=== What is needed ===
All lines from the one that has "this 850×636 image." onward to the end of the records below are to be returned exactly; pictures are to be skipped.

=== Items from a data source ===
# # # # # # #
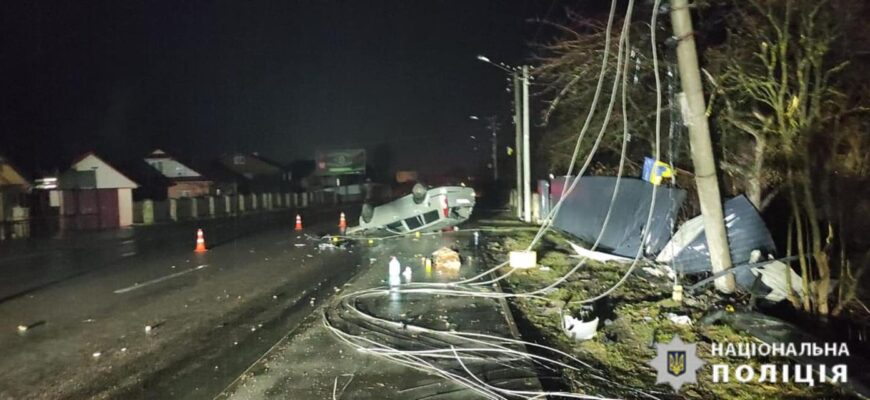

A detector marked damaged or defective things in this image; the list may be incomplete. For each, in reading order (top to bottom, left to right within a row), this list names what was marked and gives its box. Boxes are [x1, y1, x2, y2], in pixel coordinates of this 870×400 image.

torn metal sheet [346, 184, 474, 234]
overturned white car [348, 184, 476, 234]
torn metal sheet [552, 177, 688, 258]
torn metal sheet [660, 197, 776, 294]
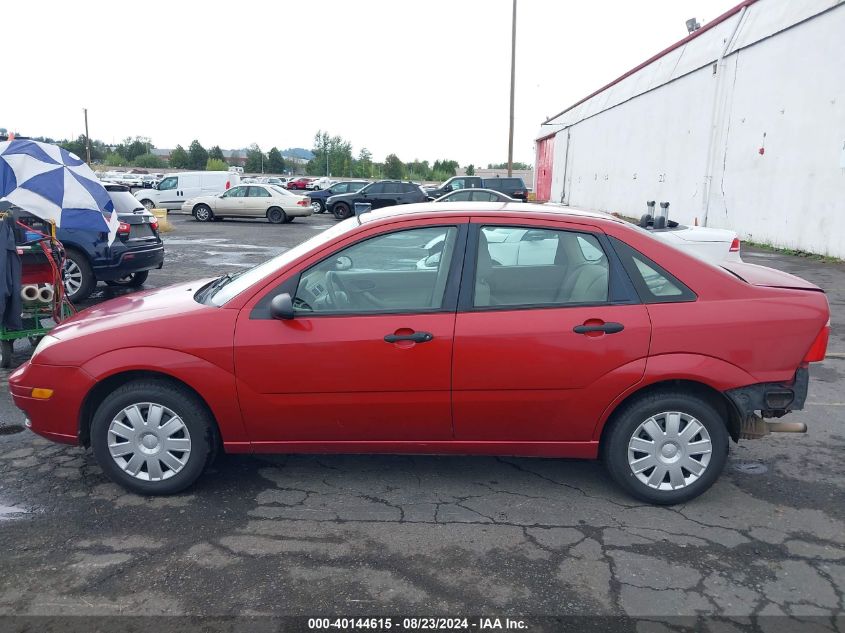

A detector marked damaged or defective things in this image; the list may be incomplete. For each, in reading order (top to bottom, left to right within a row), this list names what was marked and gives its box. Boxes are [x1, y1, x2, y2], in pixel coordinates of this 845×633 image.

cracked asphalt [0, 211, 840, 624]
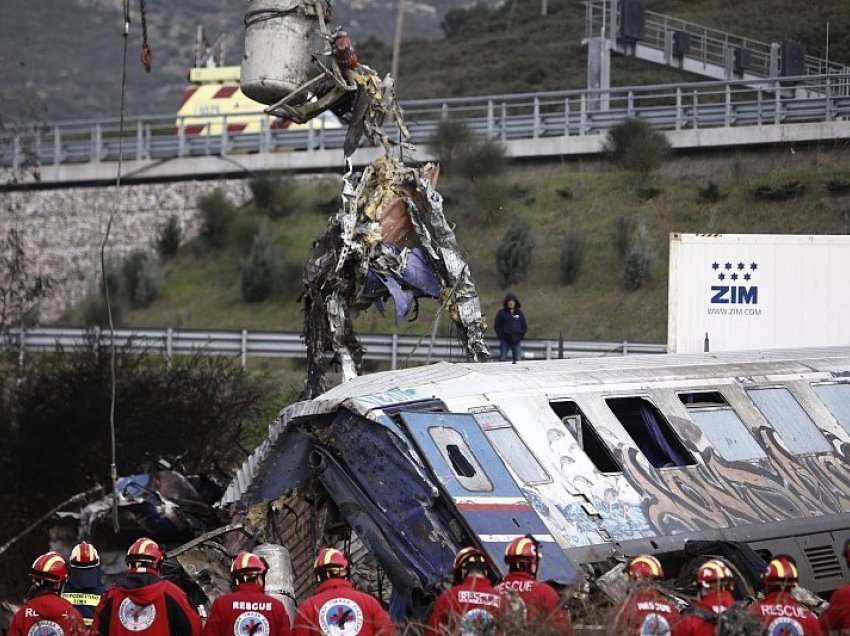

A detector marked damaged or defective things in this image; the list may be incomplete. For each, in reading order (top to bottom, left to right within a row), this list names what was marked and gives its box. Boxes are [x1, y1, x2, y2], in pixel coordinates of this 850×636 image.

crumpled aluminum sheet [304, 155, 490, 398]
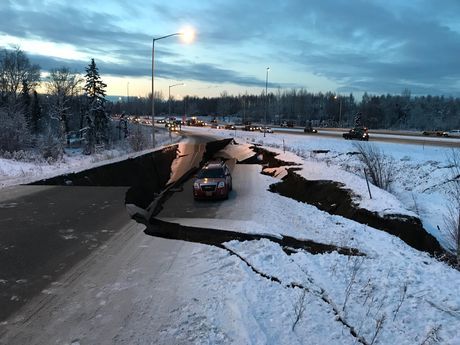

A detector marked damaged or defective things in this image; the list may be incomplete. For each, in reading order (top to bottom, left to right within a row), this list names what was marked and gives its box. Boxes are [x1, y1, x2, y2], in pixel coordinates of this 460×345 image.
# # # # # # #
=== Reply ===
A detector marked damaged or defective things in this image; the list may be incomplete. For each, in reading order (top to bottom, left to right within a row), this list names what was marked and gives its box. Boxes are [x1, y1, x2, y2], in pixel coordinates of this 850×636 image.

crumpled aluminum sheet [304, 155, 490, 398]

A detector marked damaged or defective things in this image; the list may be incomplete. For each, in reading order (top to bottom, left to right within a row), this list names what was marked and gives its box. Boxes are [x1, y1, x2, y2], in pixel coordinates of this 460×345 image.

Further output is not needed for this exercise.